EXERCISE PROMPT
Without including any pictures, give back all of the data exactly.

---+---

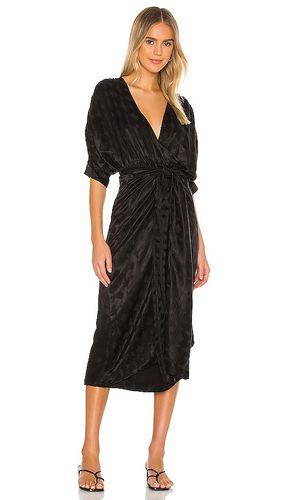 X REVOLVE Sami Dress in . - size M (also in S, XS) - Callahan - Modalova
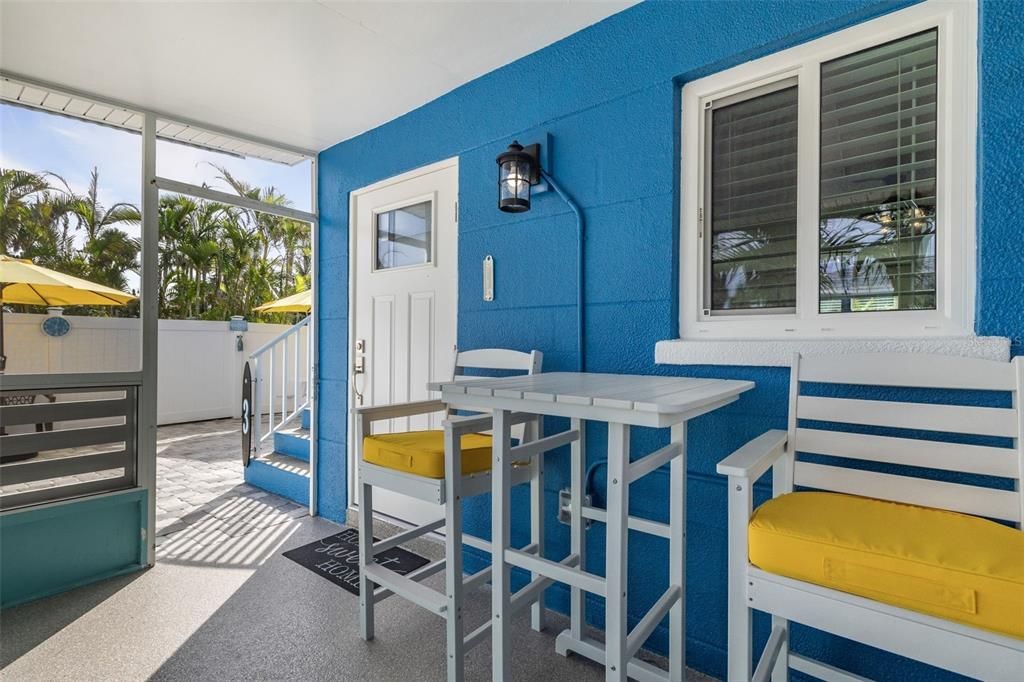 For Sale: $1,495,000 (3 beds, 3 baths, 3250 Square Feet)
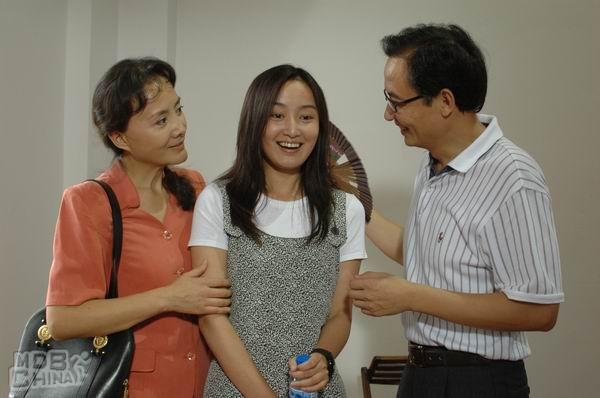 http://m.omega3-ala.com/pics/default/download/4b91bedd2b56bb76a7d81e27683407b4.jpg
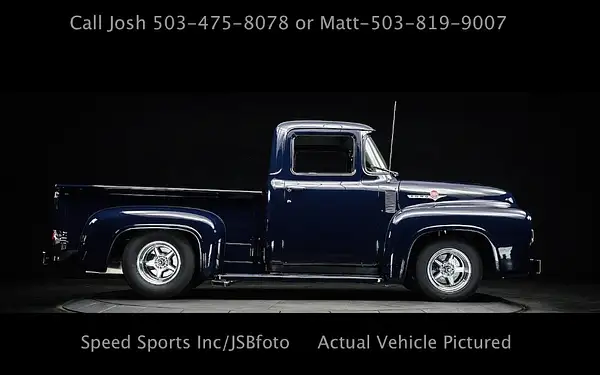 1956-Ford-F100-Portland-Oregon-Speed-Sports 13190 by...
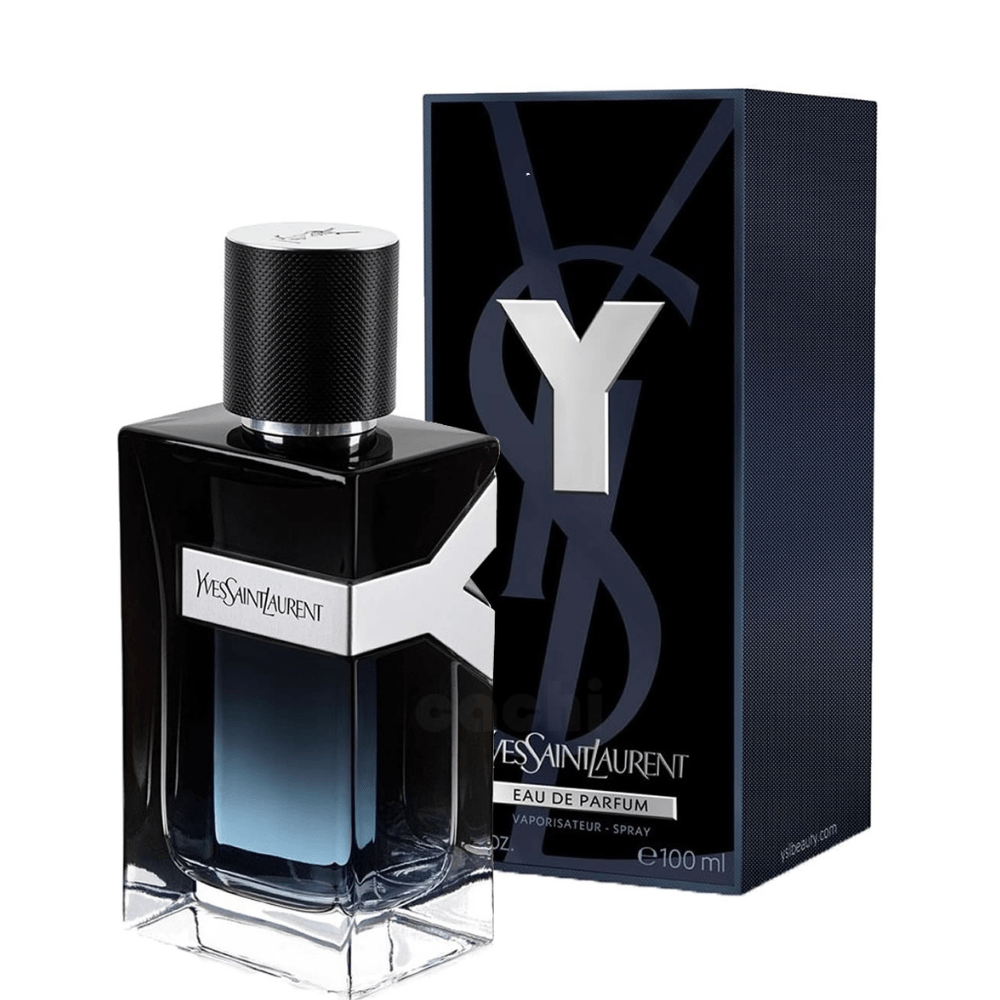 Y-EDP-Yves-Saint-Laurent-100ml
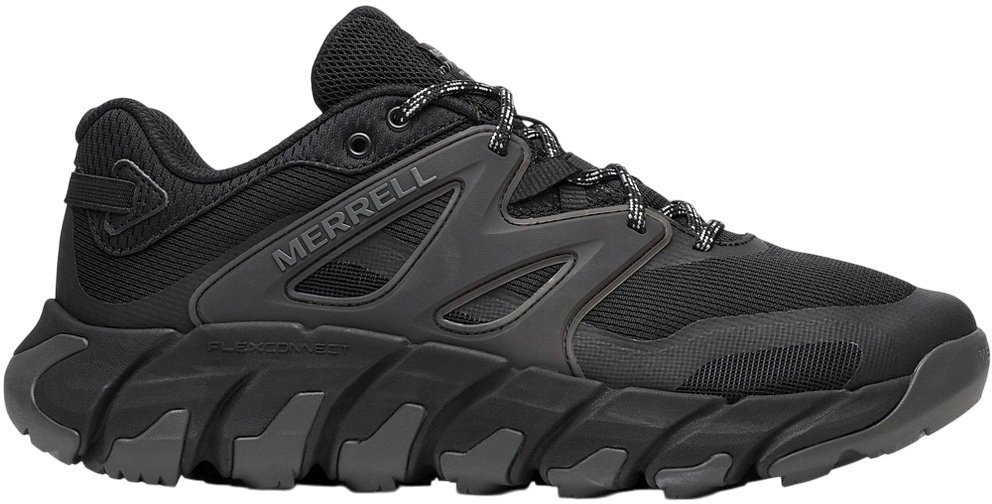 Merrell Buty męskie Maipo Explorer Aerosport (J038009) 42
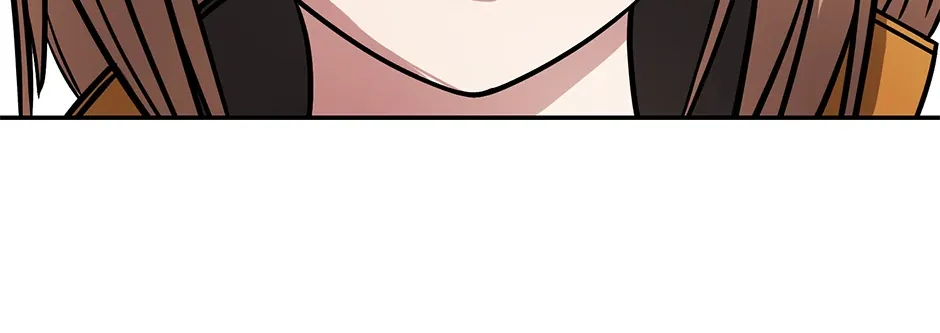 Lead Draft Chapter 34 page 91 - 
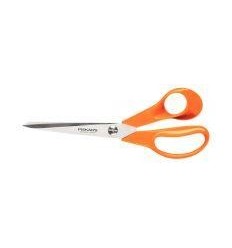 CISO FISKARS UNIVERSEL DR 21CM 2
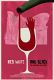 Red White & Black: The Oregon Winemakers Story
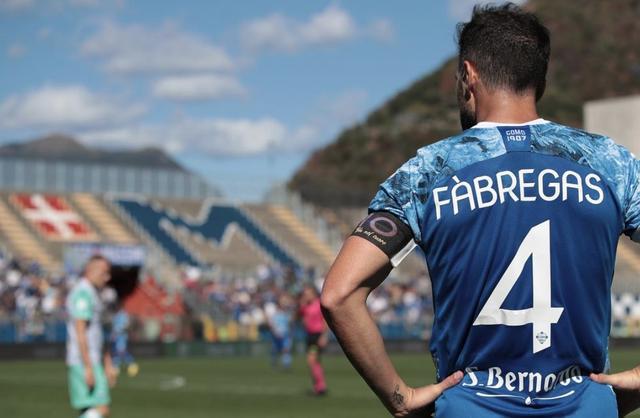 由此启程 由此启程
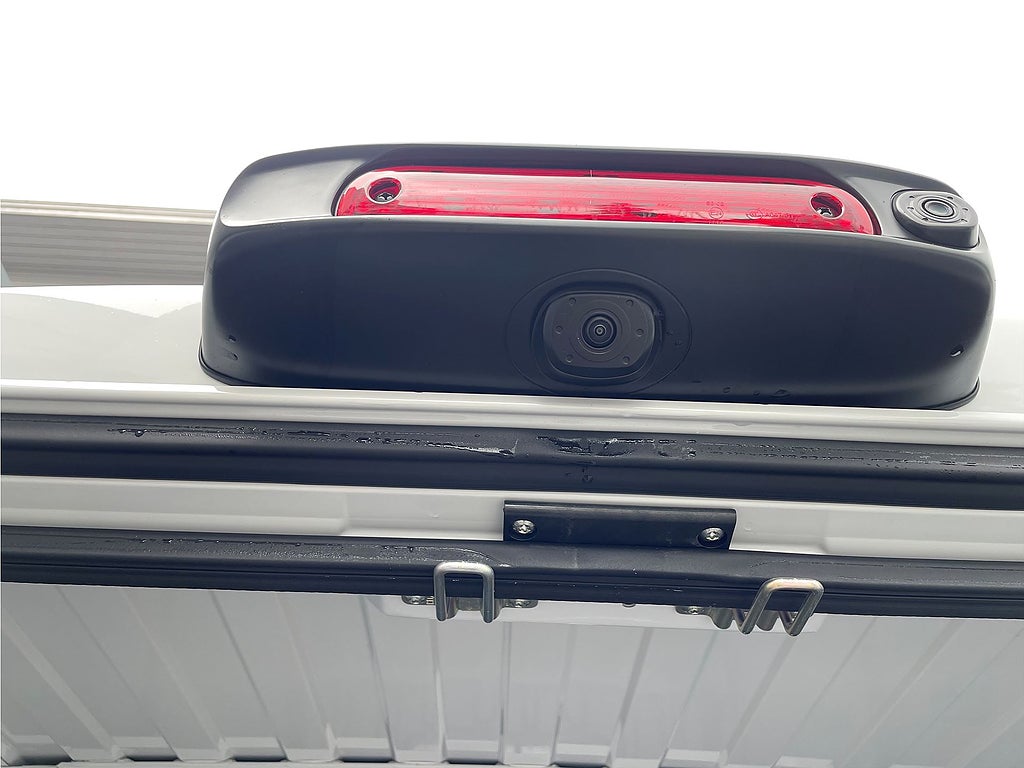 Bild på Peugeot Boxer BlueHDi 140hk Aut L2H2 - DEMO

---+---

SOLUTION TO THE PROBLEM
 X REVOLVE Sami Dress in . - size M (also in S, XS) - Callahan - Modalova
 For Sale: $1,495,000 (3 beds, 3 baths, 3250 Square Feet)
 http://m.omega3-ala.com/pics/default/download/4b91bedd2b56bb76a7d81e27683407b4.jpg
 1956-Ford-F100-Portland-Oregon-Speed-Sports 13190 by...
 Y-EDP-Yves-Saint-Laurent-100ml
 Merrell Buty męskie Maipo Explorer Aerosport (J038009) 42
 Lead Draft Chapter 34 page 91 - 
 CISO FISKARS UNIVERSEL DR 21CM 2
 Red White & Black: The Oregon Winemakers Story
 由此启程 由此启程
 Bild på Peugeot Boxer BlueHDi 140hk Aut L2H2 - DEMO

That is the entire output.